*** PROVIDED RECORDS ***
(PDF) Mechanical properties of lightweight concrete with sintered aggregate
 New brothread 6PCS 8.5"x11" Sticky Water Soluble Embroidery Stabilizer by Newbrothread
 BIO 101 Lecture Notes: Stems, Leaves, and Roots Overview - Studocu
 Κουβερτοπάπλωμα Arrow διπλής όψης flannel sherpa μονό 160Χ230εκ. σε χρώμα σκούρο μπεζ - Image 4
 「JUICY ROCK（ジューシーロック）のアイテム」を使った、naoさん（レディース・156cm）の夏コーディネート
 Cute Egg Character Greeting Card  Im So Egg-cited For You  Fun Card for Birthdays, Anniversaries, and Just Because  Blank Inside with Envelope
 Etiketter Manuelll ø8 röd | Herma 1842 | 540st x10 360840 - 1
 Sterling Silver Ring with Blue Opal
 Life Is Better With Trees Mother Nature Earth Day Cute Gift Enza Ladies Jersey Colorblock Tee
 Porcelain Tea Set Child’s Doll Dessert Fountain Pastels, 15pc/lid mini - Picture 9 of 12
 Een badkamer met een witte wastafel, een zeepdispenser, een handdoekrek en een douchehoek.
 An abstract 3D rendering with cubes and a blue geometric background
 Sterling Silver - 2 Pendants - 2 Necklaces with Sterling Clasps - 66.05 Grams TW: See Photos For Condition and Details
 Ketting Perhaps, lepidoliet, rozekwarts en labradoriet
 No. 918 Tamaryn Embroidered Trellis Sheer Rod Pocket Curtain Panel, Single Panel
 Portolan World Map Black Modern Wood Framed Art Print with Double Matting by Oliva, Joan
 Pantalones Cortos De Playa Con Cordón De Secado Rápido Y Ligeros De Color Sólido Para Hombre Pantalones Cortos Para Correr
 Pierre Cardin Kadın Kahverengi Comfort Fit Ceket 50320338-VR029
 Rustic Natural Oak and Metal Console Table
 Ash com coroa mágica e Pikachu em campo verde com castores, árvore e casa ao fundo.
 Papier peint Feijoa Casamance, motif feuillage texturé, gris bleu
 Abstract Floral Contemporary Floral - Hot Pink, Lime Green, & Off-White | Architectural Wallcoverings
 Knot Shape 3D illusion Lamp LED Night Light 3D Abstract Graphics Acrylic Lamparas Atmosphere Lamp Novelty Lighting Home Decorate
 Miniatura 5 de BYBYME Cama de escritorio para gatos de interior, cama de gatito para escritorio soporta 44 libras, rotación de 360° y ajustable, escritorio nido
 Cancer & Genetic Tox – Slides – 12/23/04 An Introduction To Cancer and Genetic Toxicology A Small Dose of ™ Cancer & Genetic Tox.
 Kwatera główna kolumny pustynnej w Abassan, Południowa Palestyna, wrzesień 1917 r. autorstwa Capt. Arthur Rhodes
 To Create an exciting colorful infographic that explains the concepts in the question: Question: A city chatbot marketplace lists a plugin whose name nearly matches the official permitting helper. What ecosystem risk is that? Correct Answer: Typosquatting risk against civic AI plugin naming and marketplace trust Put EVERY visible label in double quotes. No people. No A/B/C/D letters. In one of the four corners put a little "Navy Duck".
*** End of PROVIDED RECORDS ***
PROMPT: Every line above is to be duplicated exactly as shown.

COMPLETED TASK:
(PDF) Mechanical properties of lightweight concrete with sintered aggregate
 New brothread 6PCS 8.5"x11" Sticky Water Soluble Embroidery Stabilizer by Newbrothread
 BIO 101 Lecture Notes: Stems, Leaves, and Roots Overview - Studocu
 Κουβερτοπάπλωμα Arrow διπλής όψης flannel sherpa μονό 160Χ230εκ. σε χρώμα σκούρο μπεζ - Image 4
 「JUICY ROCK（ジューシーロック）のアイテム」を使った、naoさん（レディース・156cm）の夏コーディネート
 Cute Egg Character Greeting Card  Im So Egg-cited For You  Fun Card for Birthdays, Anniversaries, and Just Because  Blank Inside with Envelope
 Etiketter Manuelll ø8 röd | Herma 1842 | 540st x10 360840 - 1
 Sterling Silver Ring with Blue Opal
 Life Is Better With Trees Mother Nature Earth Day Cute Gift Enza Ladies Jersey Colorblock Tee
 Porcelain Tea Set Child’s Doll Dessert Fountain Pastels, 15pc/lid mini - Picture 9 of 12
 Een badkamer met een witte wastafel, een zeepdispenser, een handdoekrek en een douchehoek.
 An abstract 3D rendering with cubes and a blue geometric background
 Sterling Silver - 2 Pendants - 2 Necklaces with Sterling Clasps - 66.05 Grams TW: See Photos For Condition and Details
 Ketting Perhaps, lepidoliet, rozekwarts en labradoriet
 No. 918 Tamaryn Embroidered Trellis Sheer Rod Pocket Curtain Panel, Single Panel
 Portolan World Map Black Modern Wood Framed Art Print with Double Matting by Oliva, Joan
 Pantalones Cortos De Playa Con Cordón De Secado Rápido Y Ligeros De Color Sólido Para Hombre Pantalones Cortos Para Correr
 Pierre Cardin Kadın Kahverengi Comfort Fit Ceket 50320338-VR029
 Rustic Natural Oak and Metal Console Table
 Ash com coroa mágica e Pikachu em campo verde com castores, árvore e casa ao fundo.
 Papier peint Feijoa Casamance, motif feuillage texturé, gris bleu
 Abstract Floral Contemporary Floral - Hot Pink, Lime Green, & Off-White | Architectural Wallcoverings
 Knot Shape 3D illusion Lamp LED Night Light 3D Abstract Graphics Acrylic Lamparas Atmosphere Lamp Novelty Lighting Home Decorate
 Miniatura 5 de BYBYME Cama de escritorio para gatos de interior, cama de gatito para escritorio soporta 44 libras, rotación de 360° y ajustable, escritorio nido
 Cancer & Genetic Tox – Slides – 12/23/04 An Introduction To Cancer and Genetic Toxicology A Small Dose of ™ Cancer & Genetic Tox.
 Kwatera główna kolumny pustynnej w Abassan, Południowa Palestyna, wrzesień 1917 r. autorstwa Capt. Arthur Rhodes
 To Create an exciting colorful infographic that explains the concepts in the question: Question: A city chatbot marketplace lists a plugin whose name nearly matches the official permitting helper. What ecosystem risk is that? Correct Answer: Typosquatting risk against civic AI plugin naming and marketplace trust Put EVERY visible label in double quotes. No people. No A/B/C/D letters. In one of the four corners put a little "Navy Duck".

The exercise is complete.